No port is free; no place,
That guard, and most unusual vigilance,
Does not attend my taking. Whiles I may 'scape,
I will preserve myself: and am bethought
To take the basest and most poorest shape
That ever penury, in contempt of man,
Brought near to beast: my face I'll grime with filth;
Blanket my loins: elf all my hair in knots;
And with presented nakedness out-face
The winds and persecutions of the sky.

Or else stand witness to folly, and bear the cost, as the Fool suggests:

That sir which serves and seeks for gain,
And follows but for form,
Will pack when it begins to rain,
And leave thee in the storm,
But I will tarry; the fool will stay,

It does not, need I say, end well for Lear or anybody else.

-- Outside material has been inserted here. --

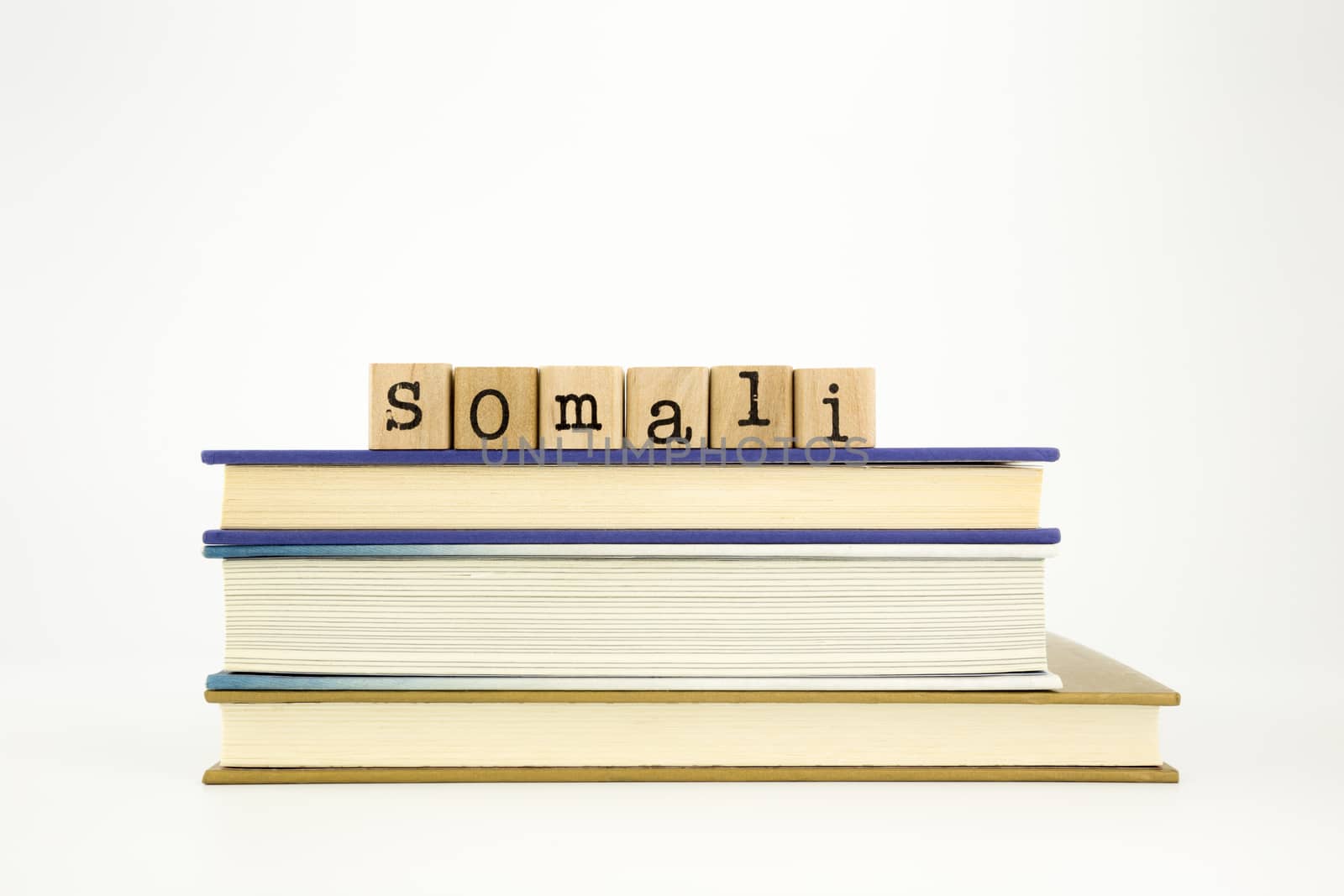 somali word on wood stamps stack on books, academic and language concept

He eventually realises the error of his ways, having relied on the flattery of his closest confidantes

They flattered
me like a dog; and told me I had white hairs in my
beard ere the black ones were there. To say 'ay'
and 'no' to every thing that I said!--'Ay' and 'no'
too was no good divinity. When the rain came to
wet me once, and the wind to make me chatter; when
the thunder would not peace at my bidding; there I
found 'em, there I smelt 'em out. Go to, they are
not men o' their words: they told me I was every
thing; 'tis a lie, I am not ague-proof.

but culpable or innocent, most of the senior protagonists are soon departed, leaving behind a shattered wasteland and a shell-shocked population with - no doubt - a somewhat jaundiced view of top-down strategy, given that there's not much chance of this occurring:

When we our betters see bearing our woes,
We scarcely think our miseries our foes.

There's a vague hint of happier times ahead under new management, but it seems distinctly unlikely. Lear, though he saw the error of his ways, is not much missed:

 O, let him pass! he hates him much
That would upon the rack of this tough world
Stretch him out longer.

The wonder is, he hath endured so long:
He but usurp'd his life.

and we bid farewell to this wretched place sadder, wiser, yet not empowered. 

The weight of this sad time we must obey;
Speak what we feel, not what we ought to say.
The oldest hath borne most: we that are young
Shall never see so much, nor live so long.

And if you're wondering why I've treated you to this whistle-stop tour of high-handed ignorance and selfishness, why yes, it is an allegory. Have a good weekend. Tom's a-cold.